Çeşit çeşit yapılıyor hem de.
Kapitalizm/liberal ekonomi, yani 'emperyalizm'.
Her duruma göre kendi kafasına uygun gördüğü rolleri ve figüranları yeniden belirliyor.
Her gün, yeniden ve yeniden…
***
Bizim de küçük aklımızla senaryoları tahmin etme hakkımız var elbette.
Senaryo bu ya; diyelim ki,
Gelecekte ekonomisi batmakta olan iki süper güç yeniden anlaşıyor, aralarında 'koşut bir denge' sağlanıyor.
Avrupa Birliği yaşamaya devam ediyor.
Türkiye'yi içine almıyor ama elini de bırakmıyor.
Yanında taşıdığı 'çapsız oğlan konumu'nda tutuyor.
***
Ya da,
Küresel çapta büyük bir kaos ortaya çıkıyor. ABD geriliyor, Çin ile araları iyice açılıyor. İlişkilerdeki çatlak büyüyor ve iş birliği sağlanamıyor.
Çin de ekonomik krize girince, bütün dünya ekonomisini 'sismik dalga' sarıyor.
Gelişmekte olan ülkelerin ekonomileri batıyor, dünyayı etkileyen 'yeni göç dalgaları' oluşuyor ve rekabet sertleşiyor.
AB ülkeleri, 'Kavimler Göçü'nün önünde varlığını yitiren geçmişteki birçok ulusu hatırlayarak,
Hem göç dalgalarını durduracak 'set' olarak, hem de diğer ülkelere ulaşabileceği 'köprü' olarak gördüğü Türkiye'yi, birdenbire önemsemeye başlıyor.

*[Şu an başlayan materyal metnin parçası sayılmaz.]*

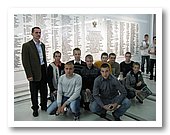 IMG_4025.JPG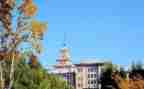 对大学学习的心得体会优质7篇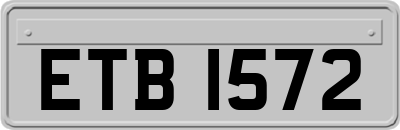 ETB1572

Türkiye, AB'ye iyice bağlanıveriyor.
Tabii ki olan kendi özerkliğine, özgürlüğüne oluyor.
***
Hangi senaryoyu yazarsan yaz, bazı konumlar ve unsurlar değişmiyor.

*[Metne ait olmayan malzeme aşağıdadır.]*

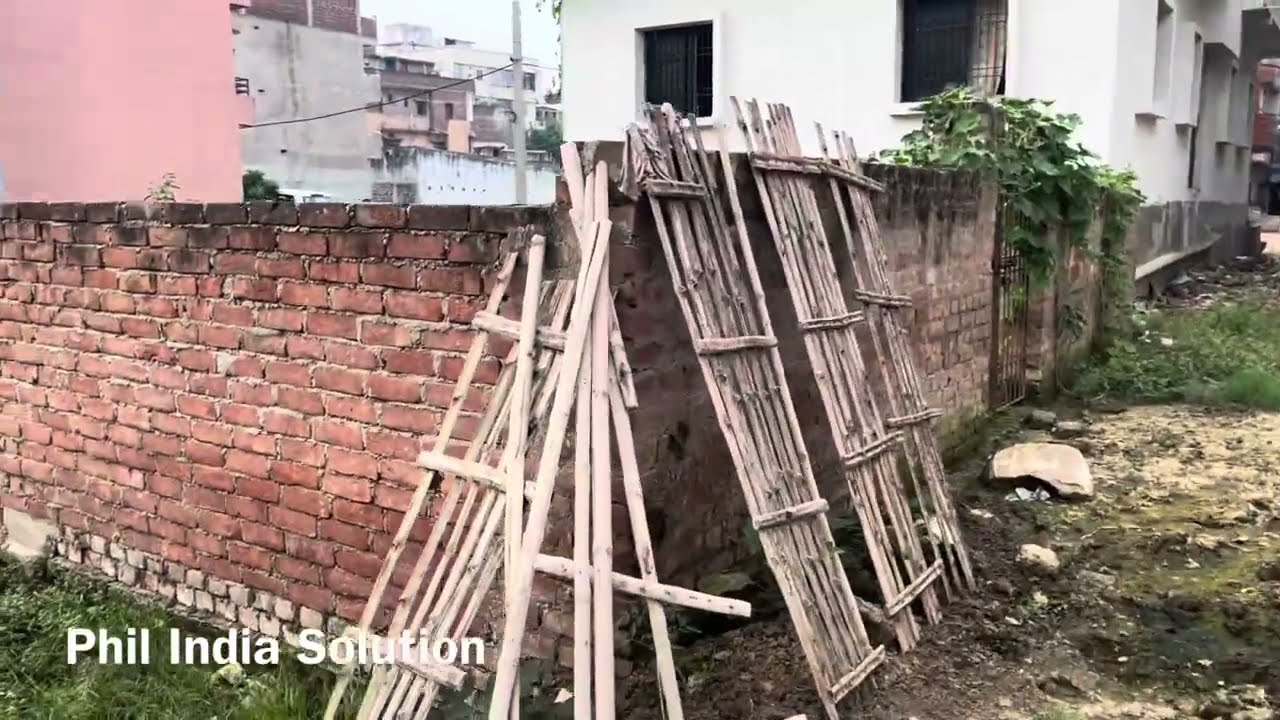 Plot sale Patna | Near Patna railway station Plot sale ￼| residential plot sale Sipara Patna ￼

Mesela, gerileyen her ekonomi, kendine düşman bir 'müsebbip' bulabiliyor.
Dışarıda bulamazsa, muhalif birileri 'içimizi karıştıran hainler' (!) etiketlemesiyle, düşman ilan edilmek üzere kenarda bekletilebiliyor.
***
Hani ülkemize oyun kurucu sıfatını vermeye çalışıyorduk ya;
'Peki, biz bu senaryoların neresindeyiz?'
Görünen gerçek şu:
ABD ile Çin rekabeti kızışıyor. Dünya iki kutba ayrılıyor.
Ekonomik göbek bağımız olan Rusya da,
Rusya ile anlaşan Çin de,
NATO üyesi olduğumuz için sırtımızı sıvazlayan ABD de,
Bizim coğrafyamızı kendi 'nüfuz alanı' haline getirmek istiyor.
***
Senaryoların hepsinde 'kamplar arası çatışmanın paylaşım alanı' olarak görülmekteyiz.

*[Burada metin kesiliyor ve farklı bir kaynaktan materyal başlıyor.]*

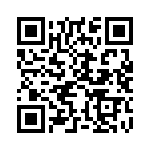 IXGX55N120A3H1 QRCode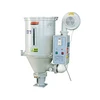 /product-detail/hopper-dryer-price-xhd-25kg-60660723619.html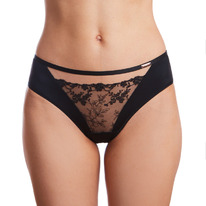 ����� �� 15.12  Milavitsa ����� ���. ������������ ���������� 360594 ������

Bakın son yıllarda gündemi meşgul eden konulara;
Irak, Ukrayna, Suriye, İran, Doğu Akdeniz Havzası ve şimdi de Libya…
Zaman zaman bizleri ve komşularımızı da kullanarak güç gösterilerini bu coğrafyada yapıyorlar ve yapacaklar da…
Sonuçta coğrafyamız, 'çatışan canavarların arenası' gibi.
***
Kapitalizmin hayatımıza bu kadar müdahil olduğunu görünce, 'biz bu cendereden nasıl çıkarız?' sorusu akılları meşgul ediyor. Merak bu ya;
Ufukta, kapitalizmin 'sosyalizmden biraz etkilenmiş Rönesans anlayışı olur mu?' diye düşünme ihtiyacı duyuyor insan.
Yok!
Olamaz da zaten!
Çünkü Rönesans, yeni bir 'tarihsel ritim' yaratılmasına bağlı.
Ve bu ritim 'canavarlarla savaşan' cengaver ulusların ellerinde doğabilir ancak.
Tıpkı,
Kurtuluş Savaşı'nda Mustafa Kemal Atatürk'ün ellerinde parlayan,
'Demokratik, laik Türkiye Cumhuriyeti Devleti' gibi!